In mathematics, the interplay between the Galois group G of a Galois extension of number fields L/K, and the way the prime ideals P of the ring of integers O_K factorise as products of prime ideals of O_L, provides one of the richest parts of algebraic number theory. The splitting of prime ideals in Galois extensions is sometimes attributed to David Hilbert by calling it Hilbert theory. There is a geometric analogue, for ramified coverings of Riemann surfaces, which is simpler in that only one kind of subgroup of G need be considered, rather than two. This was certainly familiar before Hilbert.

The most basic fact of the theory is that if we write

PO_L = Π P_j^e(j)

as a product of distinct prime ideals P_j O_L, with multiplicities e(j), then G acts transitively on the P_j. That is, the prime ideal factors of P in L form a single orbit under the automorphisms of L over K. From this it follows at once, because there is unique prime factorisation into prime ideals, that e(j) = e is independent of j; something that is certainly need not be the case for extensions that are not Galois.

The basic relation therefore reads

PO_L = (Π P_j)^e

and for all but the finite number of ramified P we must have e = 1. Considering first the unramified case, the quotient

O_L/PO_L

will be a product of fields

F_j = O_L/P_jO_L

and these are all isomorphic, say to the finite field F′, containing

F = O_K/P

By a counting argument we must have

[L:K]/[F′:F]

equal to the number of prime factors of P in O_L. By the orbit-stabilizer formula we must also have this number equal to

|G|/|D|

where by definition D, the decomposition group of P, is the subgroup of G sending a given P_j to itself. That is, since the degree of L/K and the order of G are equal by basic Galois theory, the order of the decomposition group D is the degree of the residue field extension F′/F. The theory of the Frobenius element goes further, to identify an element of D, for j given, which generated the Galois group of the finite field extension.

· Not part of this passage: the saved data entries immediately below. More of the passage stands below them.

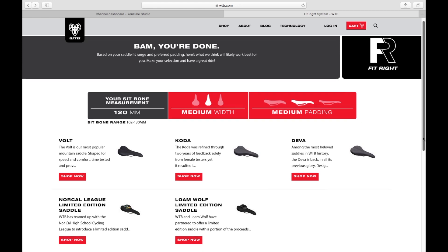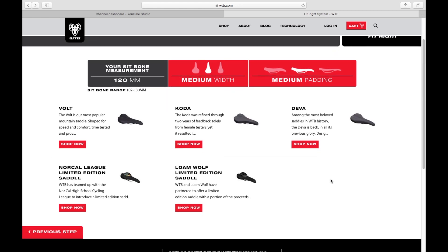They will provide the different saddle models that WTB has. The sit bone range between 102 to 130 mm falls under the medium width. Based on the models they have here, we have the Volt, the Coda, the Diva, the Norcal League limited edition, and the Lone Wolf. Based on the description, the Volt is the most popular mountain saddle shape for speed and comfort — time tested. So I think I'm going to look for this specific model, the Volt, and see if I can find one here in Manila.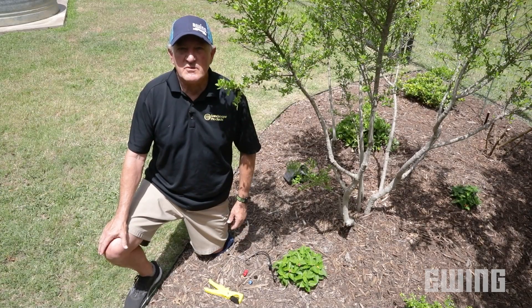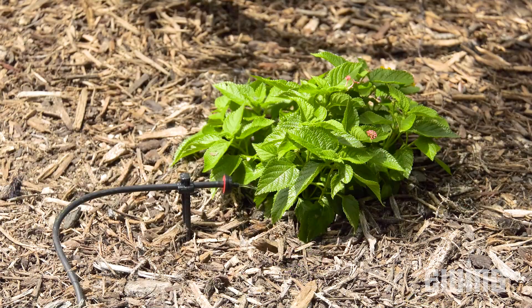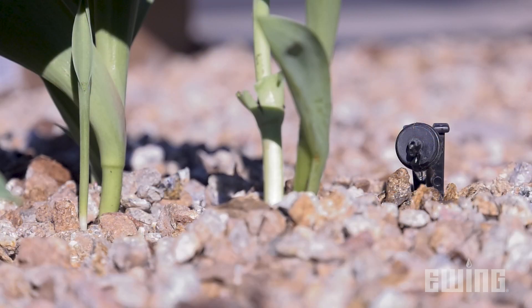The third option for drip micro-irrigation is really the most common: point source emitters. These are best suited for sparsely planted areas and allow you to irrigate more efficiently by applying water directly to the base of the plant. Point source emitters are pressure compensating, so the flow rate will not change as pressure fluctuates.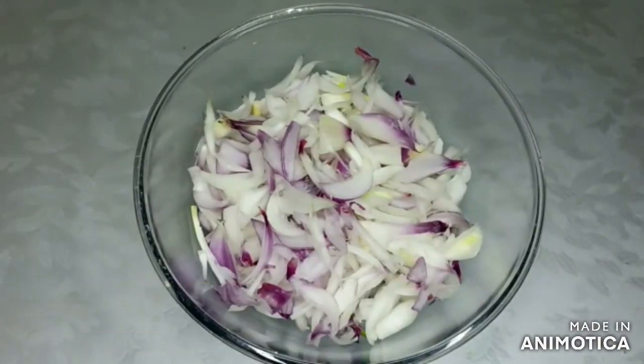Hello friends, welcome to Ranjana Kitchen. Today I am going to tell you a flat onion recipe.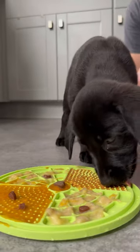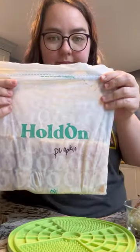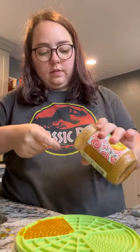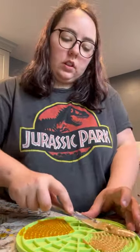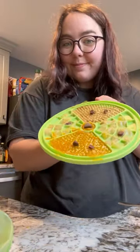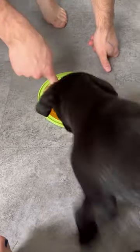Let's give Peppa her first sustainable lick mat. I'm using last year's pumpkin that I roasted and froze into super cubes. I'm adding some all-natural peanut butter and a small chunk of banana that I froze last week to prevent it from going bad. I added a few of her favorite treats on top and popped it in the freezer for an hour.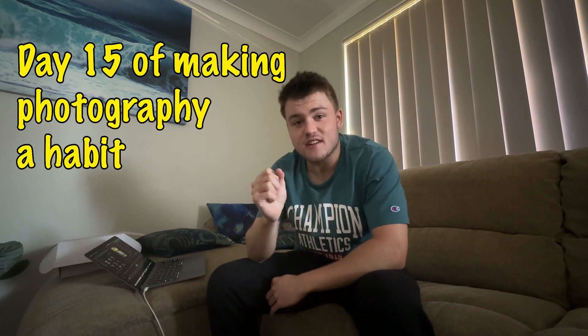Today is day 15 of making photography a habit. I don't have a lot of time, so we're going to be setting up a quick and nice easy scene to make a mood. This is going to be like a work mood sort of photo.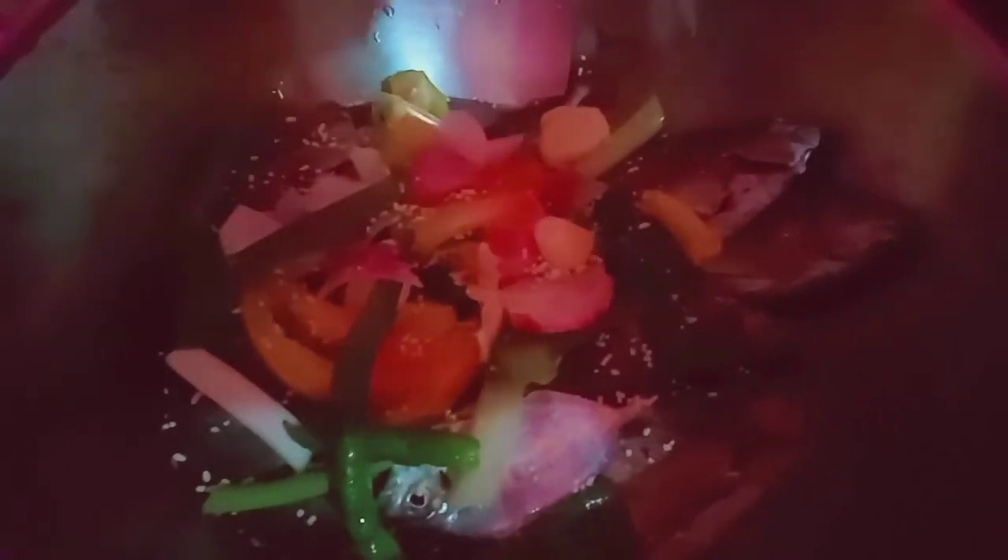Yung bawang. Sarap ng ating paksiw. Tapos lagyan ko sya ng magsuk-sarap. Tapos lagyan natin sya ng tubig. Tapos yung soka. May ano na sya.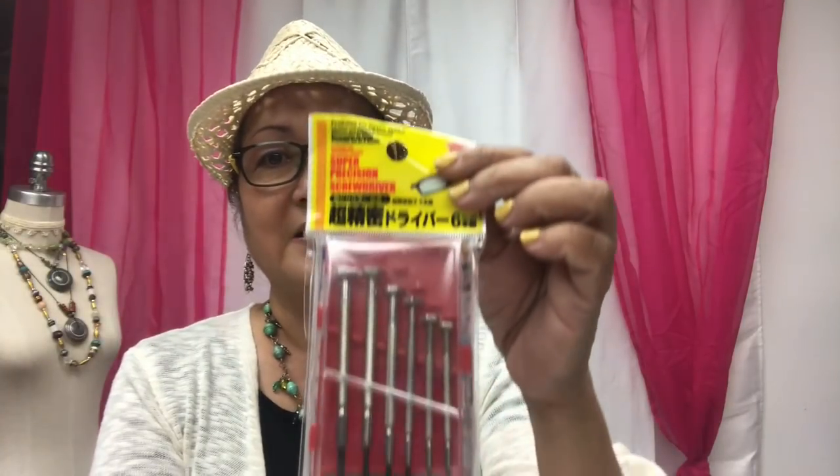The tutorial for today is using a tool that I found at Daiso. I just want to go to places and find unusual things which you can incorporate into your paper bead making — in this case, a tool that we can use to make paper beads. Let me show that to you up close. These are super precision screwdrivers and they come in different sizes.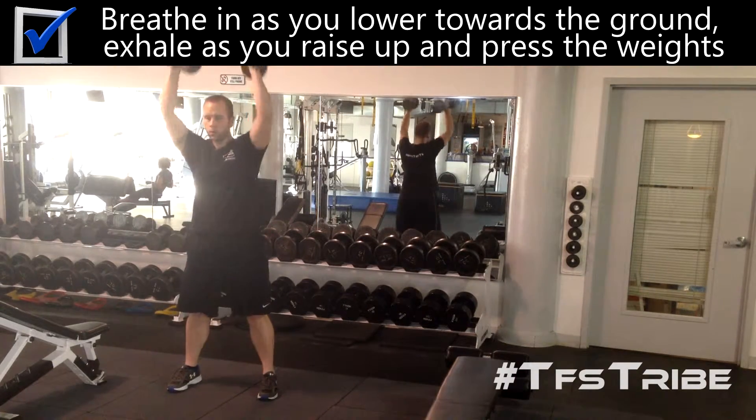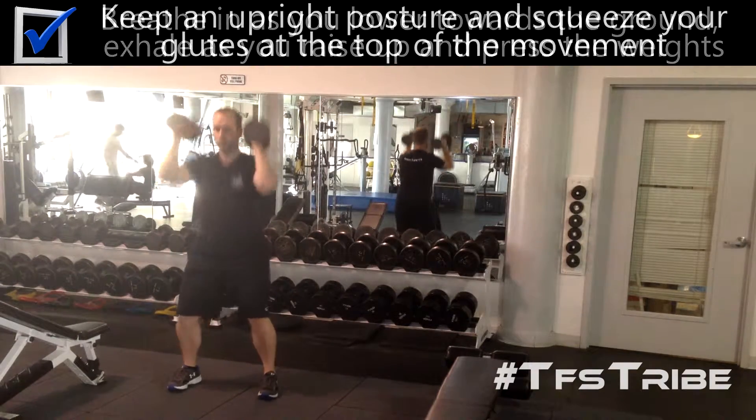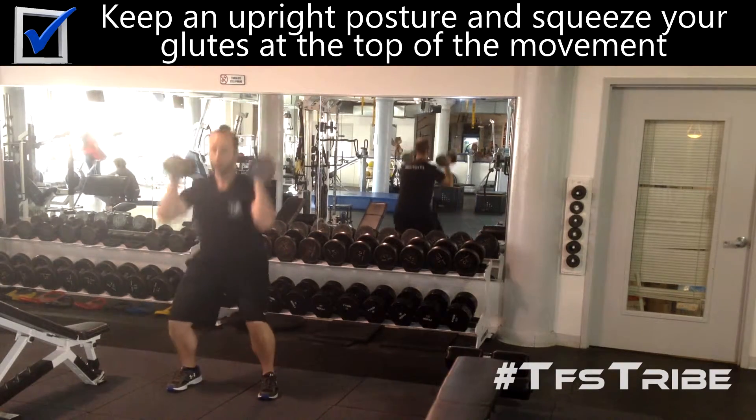Breathe in as you lower towards the ground. Exhale as you raise up and press the dumbbells in the air. Keep an upright posture and squeeze your glutes at the top of the movement.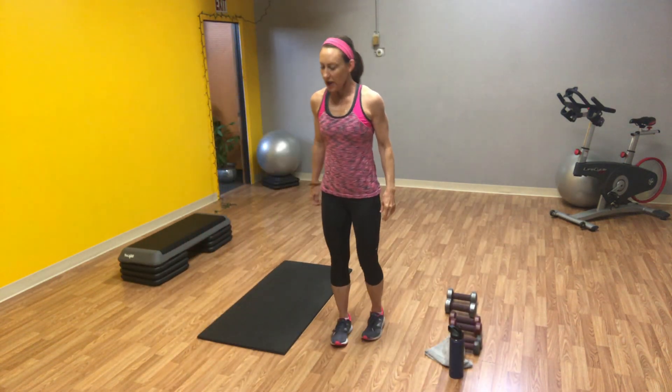Good morning, everyone. Hope you're having a great day today. Welcome back. We are going to do a whole body workout today — just light cardio, but a lot of toning, head to toe, getting it all done. This one goes out especially today to one of our friends from Living Fitness, Laura. This is for you. Hang in there. Stay strong.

In the ramified case, there is the further phenomenon of inertia: the index e is interpreted as the extent to which elements of G are not seen in the Galois groups of any of the residue field extensions. Each decomposition group D, for a given P_j, contains an inertia group I consisting of the g in G that send P_j to itself, but induce the identity automorphism on

F_j = O_L/P_jO_L.

In the geometric analogue, for complex manifolds or algebraic geometry over an algebraically closed field, the concepts of decomposition group and inertia group coincide. There, given a Galois ramified cover, all but finitely many points have the same number of preimages.

The splitting of primes in extensions that are not Galois may be studied by using a splitting field initially, i.e. a Galois extension that is somewhat larger. For example cubic fields usually are 'regulated' by a degree 6 field containing them.